The story line develops not only as tension between the races, but perhaps even more significantly, as tension between the generations. Young trumpeter Levee wants to bring in new ideas, such as improvisation, while Ma Rainey just wants her band to play in the older style of the blues which she helped to create and popularize. Keep in mind that Louis Armstrong was recording his soon-to-become-immortal Hot Fives and Sevens from 1925-1929.
The first act opens in a jovial mode, with the musicians arriving for the session, jiving and bantering. Ma makes her appearance, in grand style, somewhat later, and immediately asserts herself with demands on her manager and the producer. Her girlfriend, Dussie Mae, has eyes for Levee as well as for Ma. For much of the first act, the humor is rapid fire, but there are segments when the mood changes from sidesplitting to heart wrenching.
The concluding act begins with the triumphant recording of the title song. It concludes with the tragic consequences of the fiery Levee’s temper, as he misdirects his righteous anger from being disrespected by the white record producer. Throughout both acts, the actors work together as a well-oiled ensemble. They seem to truly inhabit their roles. Director Ron OJ Parson has directed many of Wilson’s other plays, and his experience and love for the material come through strongly here.
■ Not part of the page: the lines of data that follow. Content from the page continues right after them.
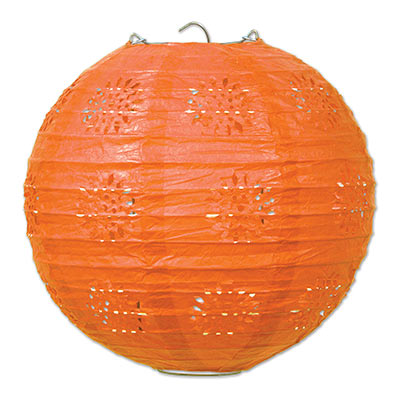 Lace patterned paper lantern that is orange in color.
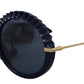 Dolce & Gabbana Elegant Navy-Gold Round Sunglasses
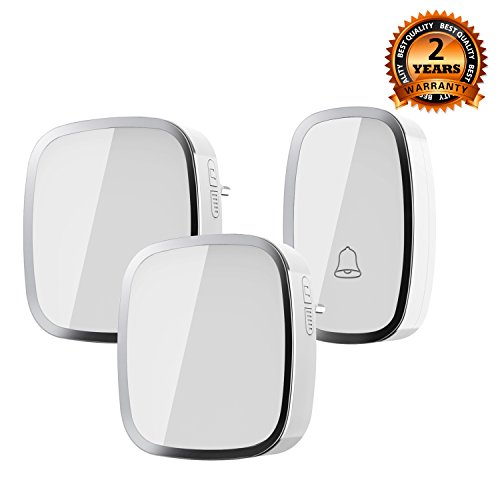 Timbre Inalámbrico para Puerta, LEMEGO Timbre Impermeable Volumen Ajustable (1 Transmisor y 2 Receptores)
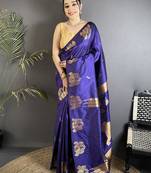 violet soft silk blend mofits zari weaving banarasi saree with unique border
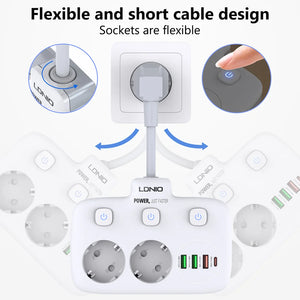 LDNIO Power Strip Adapter for Europlug 4 USB Output Electrical Socket With Extension Cable Surge Protector Home Plug SE2435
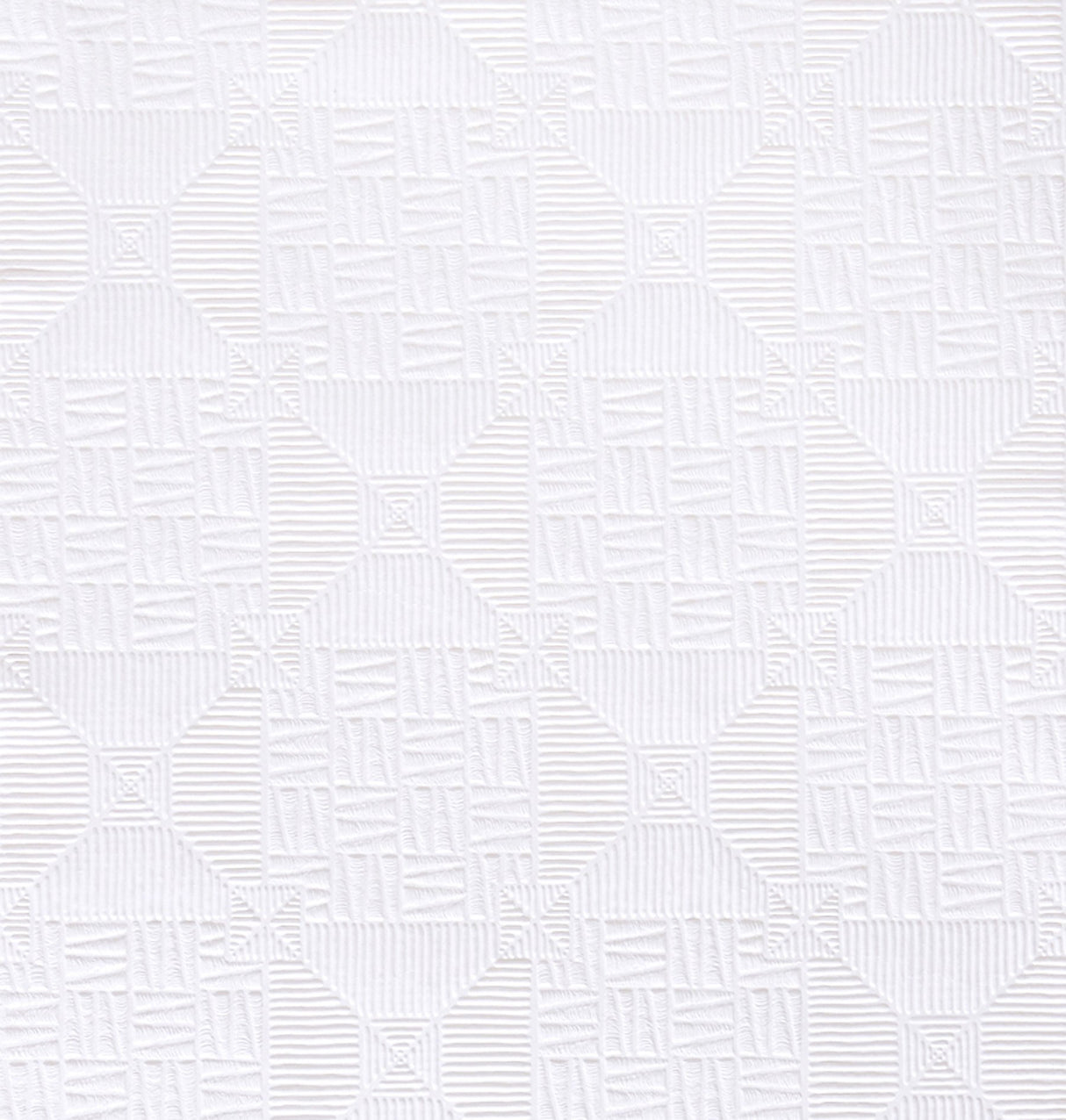 Inca Paintable Tribal White Wallpaper with Geometric Tribal Texture - Brewster RD0145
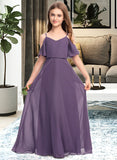 Kelsey A-Line V-neck Floor-Length Chiffon Junior Bridesmaid Dress UKP0013390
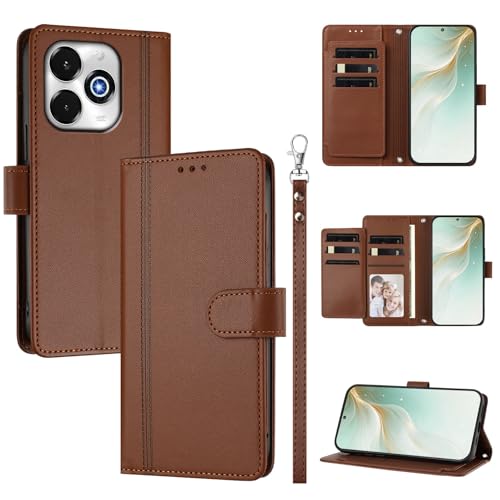 �X�}�z�P�[�X �Ή��@�� for Umidigi G100X 5G / G9X / Note 100X 5G �X�}�z�P�[�X�y�E�H���b�g�f�U�C�� �f���A���J�[�h�X���b�g �L���b�V�� �t���b�v���X�^���h �����h�~�zBrown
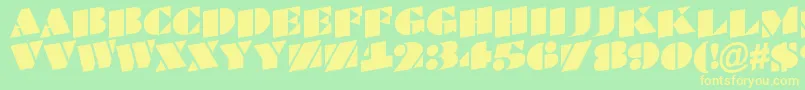 Czcionka BraggatitulspupRegular – żółte czcionki na zielonym tle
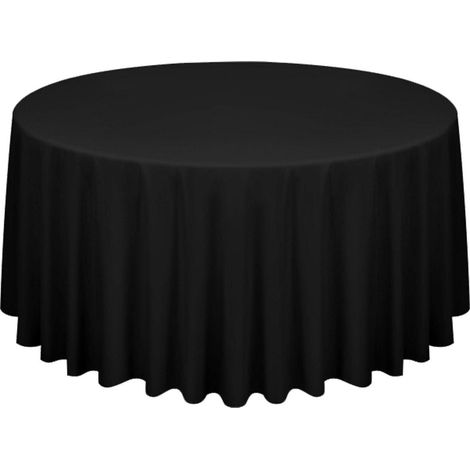 Runde Tischdecke 300 cm Schwarz, Polyester, Knitterfrei, Pflegeleicht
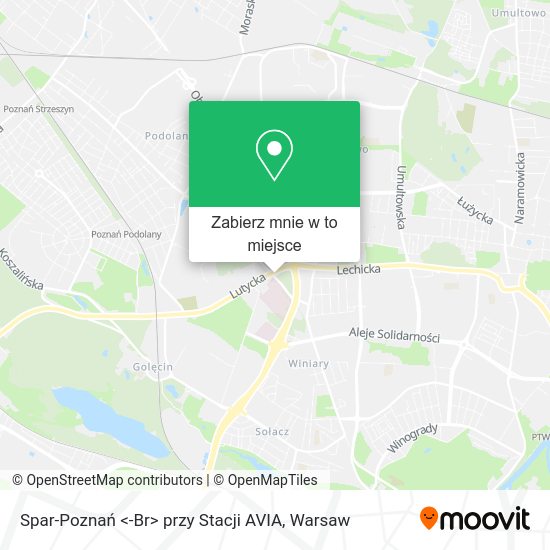 Mapa Spar-Poznań <-Br> przy Stacji AVIA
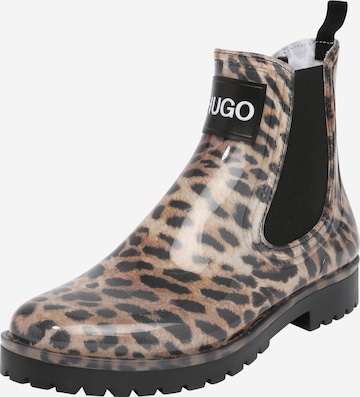HUGO Red Rubber Boots 'Tabita' in Brown: front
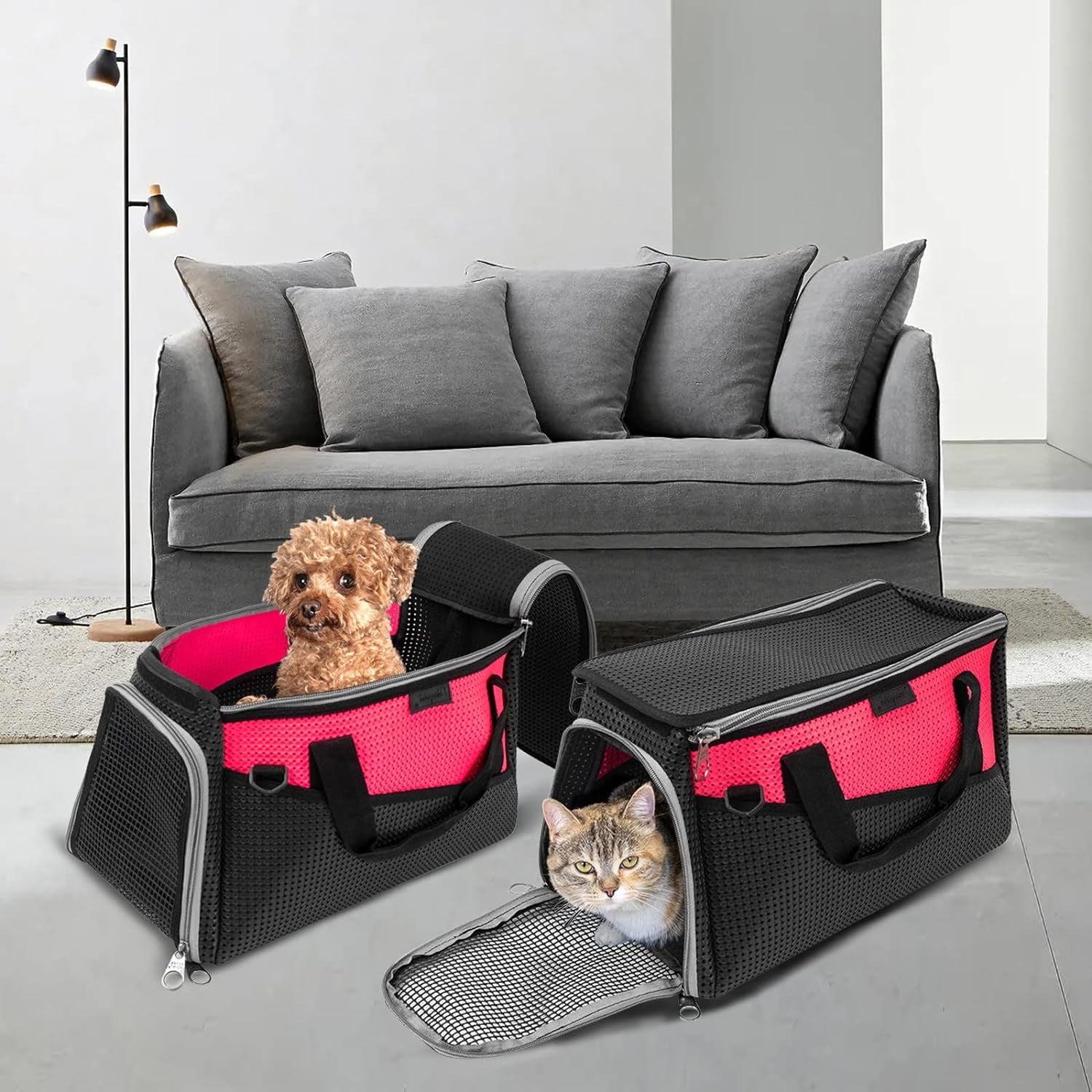 "Travel in Style with our Airline Approved Cat and Dog Carrier - Perfect for Small to Medium Pets! Foldable, Soft-Faced Design in Vibrant Red (Large Size)"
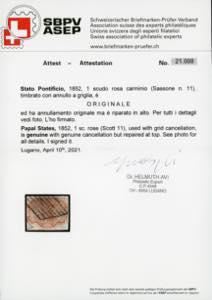 1852 - 1 scudo rosa carminio (11), ... 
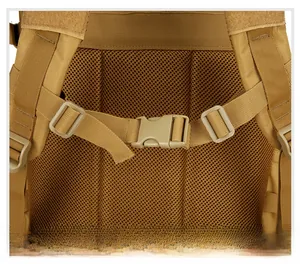 Tactical backpack with breathable mesh padding and adjustable chest buckle detail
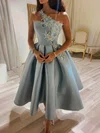 Ball Gown One Shoulder Satin Ankle-length Prom Dresses With Appliques Lace #Milly020113620
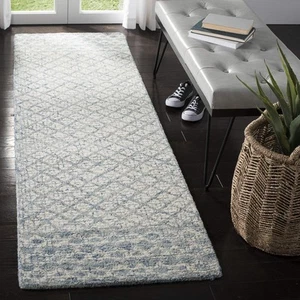 Abstract Collection Runner Rug - 2'3" x 12', Blue & Ivory, Handmade Wool, Ide... - Picture 1 of 4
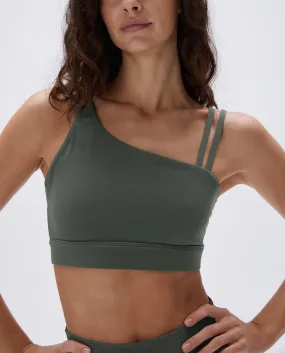 Ultimate Asymmetric Double Strap Bra - Sea Green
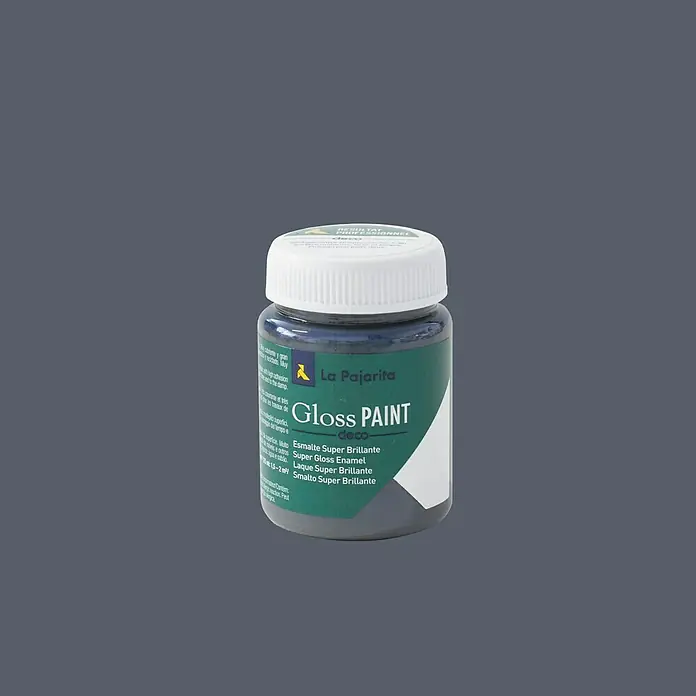 La Pajarita Pintura Gloss Paint dark iron - Brillante - Primer plano de una lata de La Pajarita Gloss Paint Deco. Perfecto para aficionados y profesionales para dar un acabado brillante a las superficies.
Full credits are available at www.actorstheatre.org where ticket information is also available.
From an e-mail from John Chamberlain, with the University of Louisville, here is information on a new and exciting program, “Jazz in The Loop” with the U of L Jazz Ensemble. “The Jamey Aebersold Jazz Studies Program at the U of L School of Music is partnering with ear X-tacy to offer an inside look at the various styles of jazz. Ansyn Banks, assistant professor of jazz studies, will lead the school's International Jazz Quintet with a session of music demonstrations and talk about jazz - the unique American music form - and all its sounds. All who want to discover or just dig deeper into Jazz are invited to the store to learn more. CDS of the various genre will be available for purchase. Sunday, February 13, 2:00 PM: Swing, Bebop, Cool Jazz & Hard Bop; Sunday, February 20, 2:00 PM: Modal, Jazz in the 60's, ECM & Jazz Today. For more information, contact Banks at 852-1858 or call the store at 452-1799. 2226 Bardstown Rd. Louisville, KY 40205."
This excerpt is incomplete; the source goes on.